**Assignment:** Only the text belongs in the copy: retype each record exactly as it appears.

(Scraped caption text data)
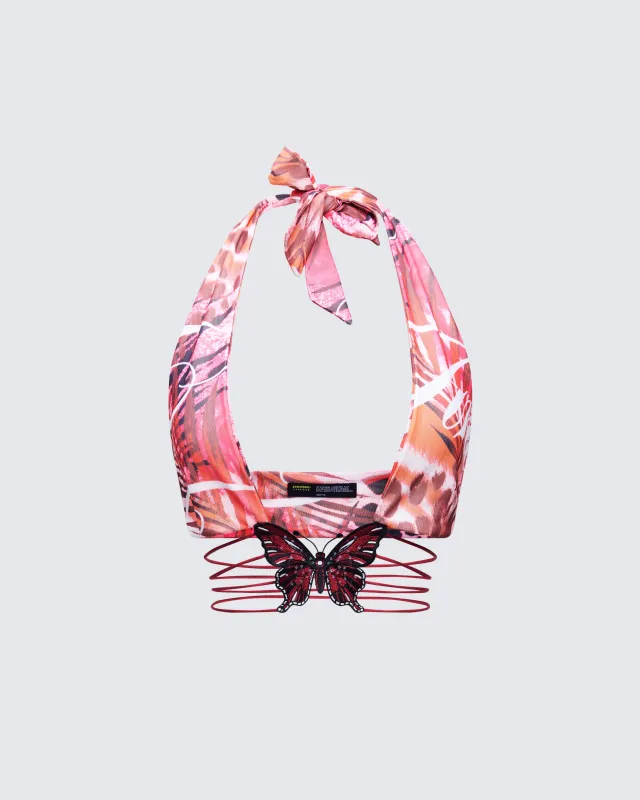 Cece Orange Printed Halterneck Top sold by Finesse
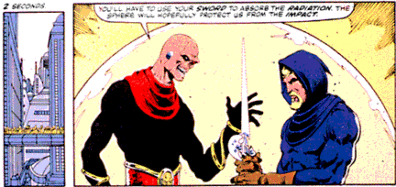Comic panel: One person says to the other, "You'll have to use your sword to absorb the radiation. The sphere will hopefully protect us from the impact."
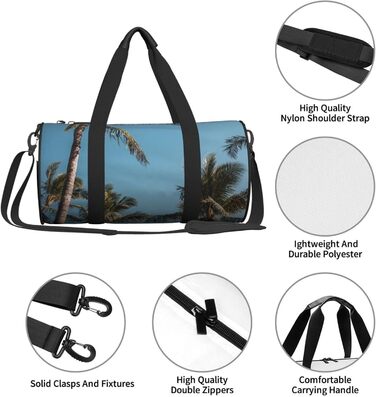 Спортивна сумка, дорожня сумка, пляжна сумка, принт Кокосова пальма, сумка для ночівлі, чорна, універсальний розмір, сумка для подорожей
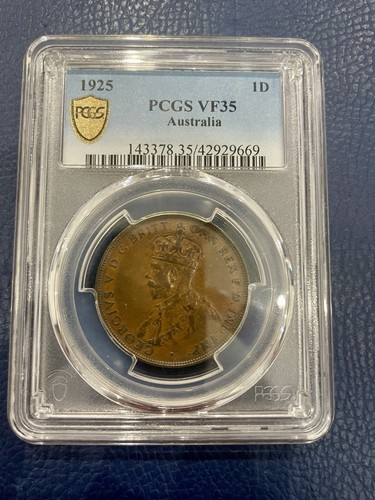 1925 australian penny pcgs - 1925,
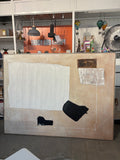 Large Modern Abstract Canvas Wall Art 79”W x 60”H Framed Neutral Textured Painting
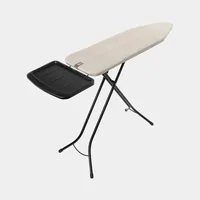 Brabantia Bügeltisch mit Dampfstationsablage 124 cm x 38 cm - Bügelbrettbezug: Baumwolle (CO) - Ausstattung: Dampfstationsablage - Ergonomisch - Kindersicherung - Transportverriegelung - Höhenverstellbar: Ja - Breite: 38 cm - Detailfarbe: Beige - Grau - L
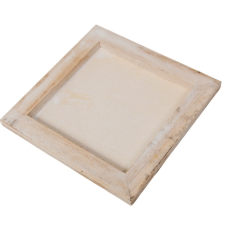  Fa tálca keretes fehér 20x20cm dekorációs kellék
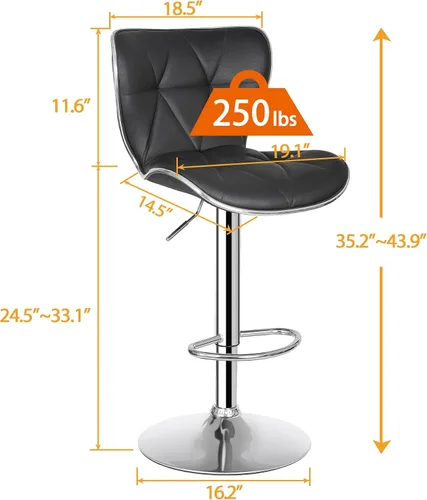 Vista 2 de ZENY Juego de 4 taburetes de bar giratorios ajustables, taburetes de bar de altura de mostrador con respaldo, juego de taburetes altos con respaldo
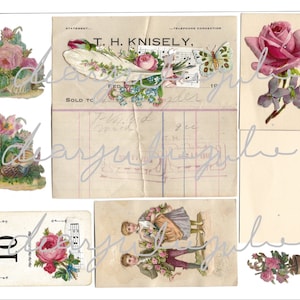 Digital - Pink Antique ephemera kit numérique ~ Cartes postales antiques numériques, images, reçus et enveloppes, journaux junk, cardmaking,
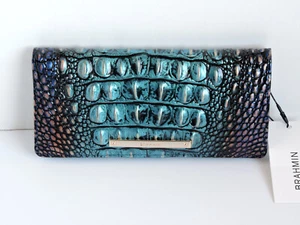 Brahmin Ady Fortune Blues Gold Tipping Melbourne Embossed Leather Wallet NWT - Picture 1 of 8
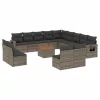  14 részes szürke polyrattan kerti ülőgarnitúra párnákkal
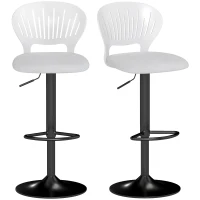 HOMCOM Set de 2 taburete de bar rotative 360°, reglabile 84-105 cm, spătar gol, suport picioare, alb(m-7)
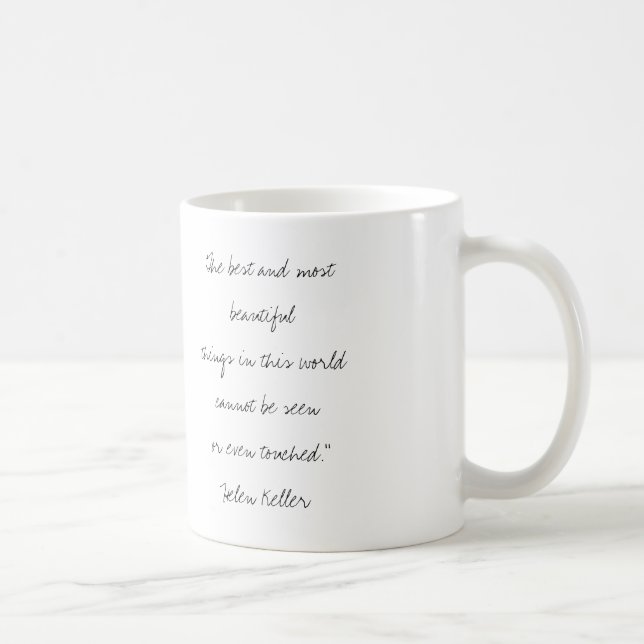 Helen Keller Handwritten Quote Mug (Right)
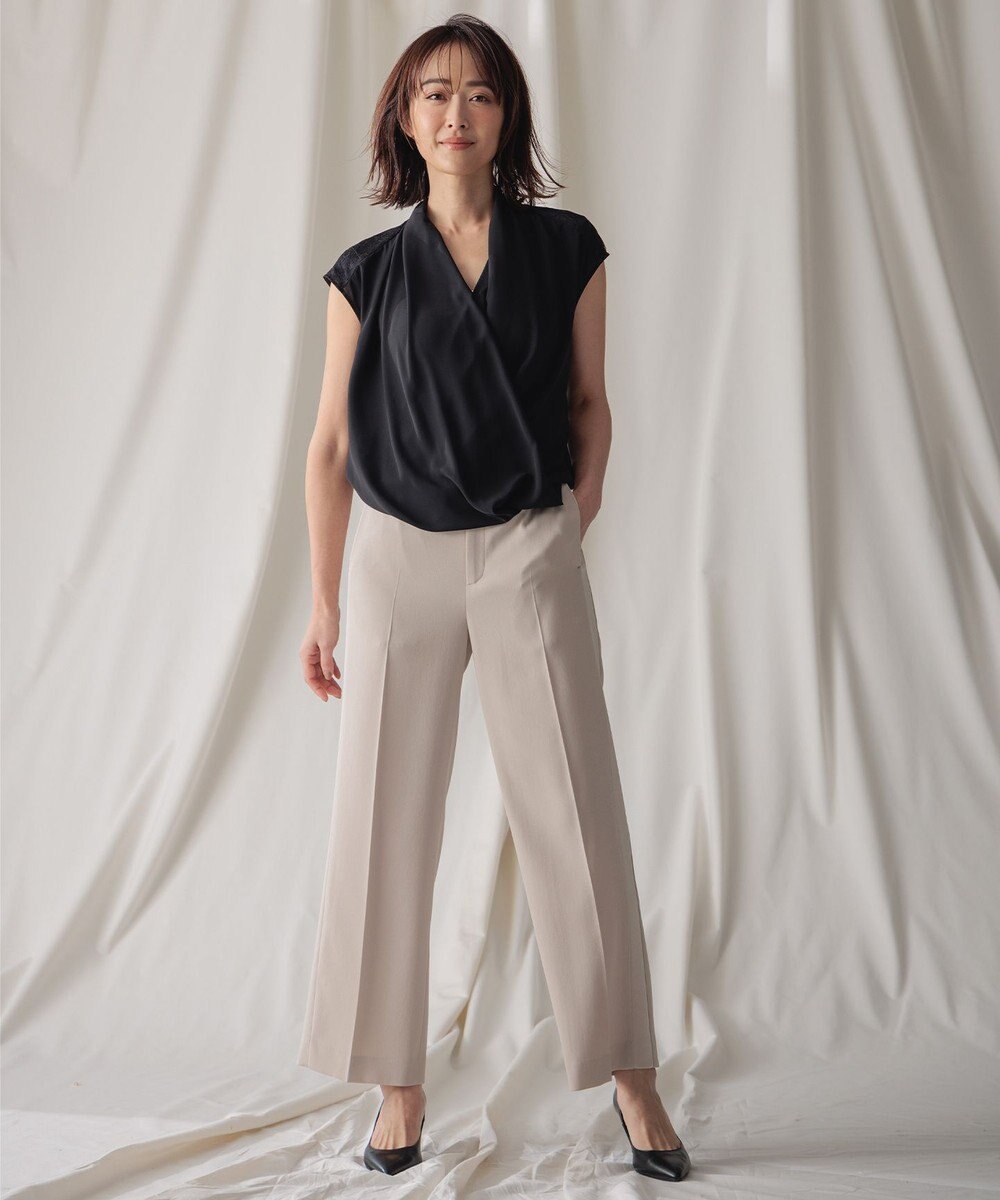 BEIGE， OLIVE / カシュクールフレンチスリーブブラウス 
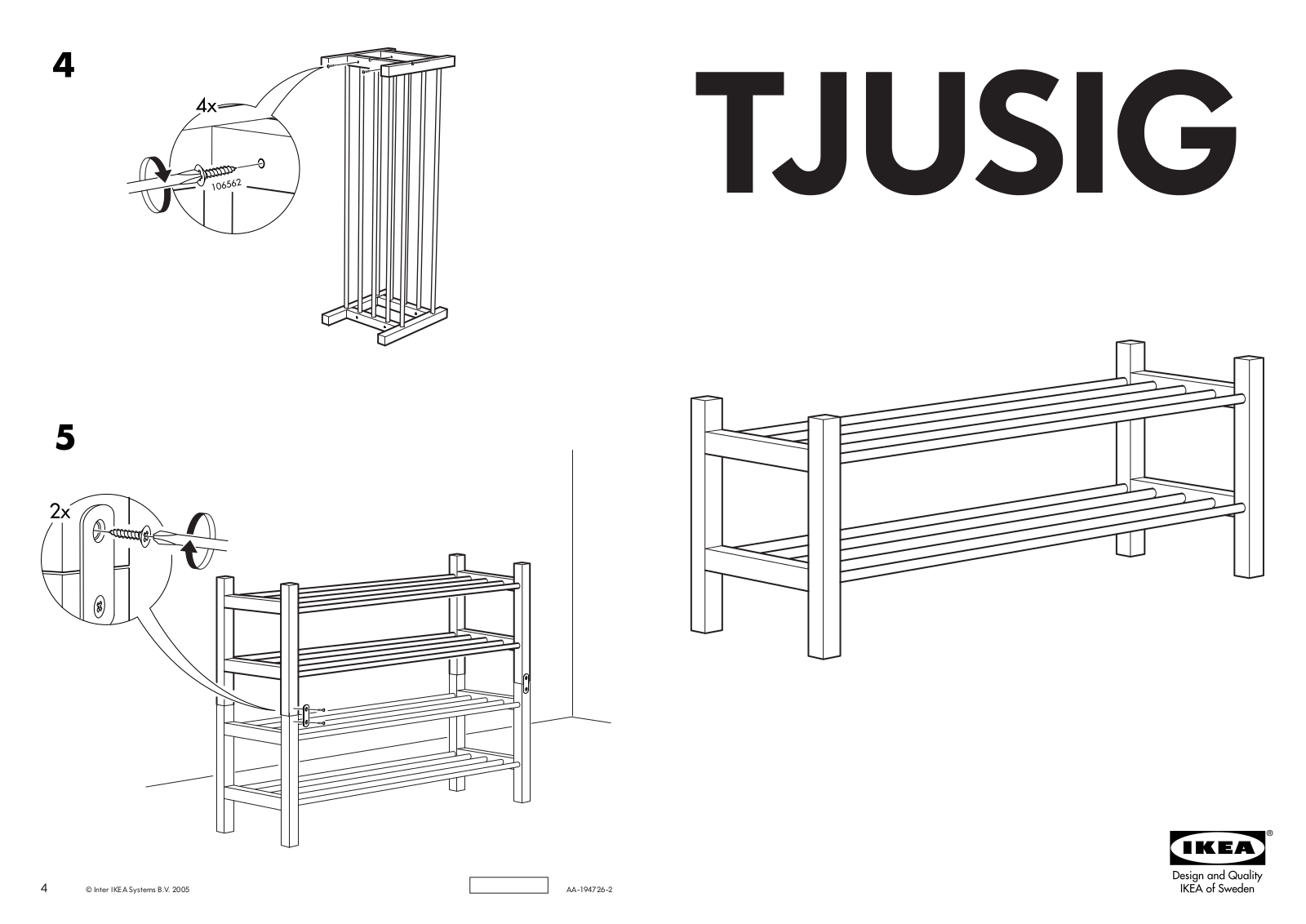 IKEA TJUSIG SHOE RACK 39 Assembly Instruction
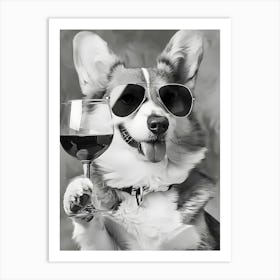 Corgi Dog With Wine Glasses Art Print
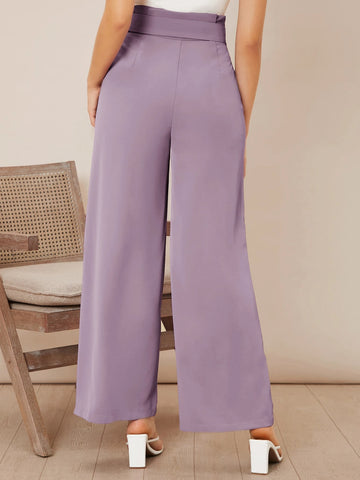 Firerie Solid Belted Wide Leg Pants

**Output:**
 Cece Orange Printed Halterneck Top sold by Finesse
Comic panel: One person says to the other, "You'll have to use your sword to absorb the radiation. The sphere will hopefully protect us from the impact."
 Спортивна сумка, дорожня сумка, пляжна сумка, принт Кокосова пальма, сумка для ночівлі, чорна, універсальний розмір, сумка для подорожей
 1925 australian penny pcgs - 1925,
 Large Modern Abstract Canvas Wall Art 79”W x 60”H Framed Neutral Textured Painting
 Brabantia Bügeltisch mit Dampfstationsablage 124 cm x 38 cm - Bügelbrettbezug: Baumwolle (CO) - Ausstattung: Dampfstationsablage - Ergonomisch - Kindersicherung - Transportverriegelung - Höhenverstellbar: Ja - Breite: 38 cm - Detailfarbe: Beige - Grau - L
  Fa tálca keretes fehér 20x20cm dekorációs kellék
 Vista 2 de ZENY Juego de 4 taburetes de bar giratorios ajustables, taburetes de bar de altura de mostrador con respaldo, juego de taburetes altos con respaldo
 Digital - Pink Antique ephemera kit numérique ~ Cartes postales antiques numériques, images, reçus et enveloppes, journaux junk, cardmaking,
 Brahmin Ady Fortune Blues Gold Tipping Melbourne Embossed Leather Wallet NWT - Picture 1 of 8
  14 részes szürke polyrattan kerti ülőgarnitúra párnákkal
 HOMCOM Set de 2 taburete de bar rotative 360°, reglabile 84-105 cm, spătar gol, suport picioare, alb(m-7)
 Helen Keller Handwritten Quote Mug (Right)
 BEIGE， OLIVE / カシュクールフレンチスリーブブラウス 
 IKEA TJUSIG SHOE RACK 39 Assembly Instruction
 Corgi Dog With Wine Glasses Art Print
 Firerie Solid Belted Wide Leg Pants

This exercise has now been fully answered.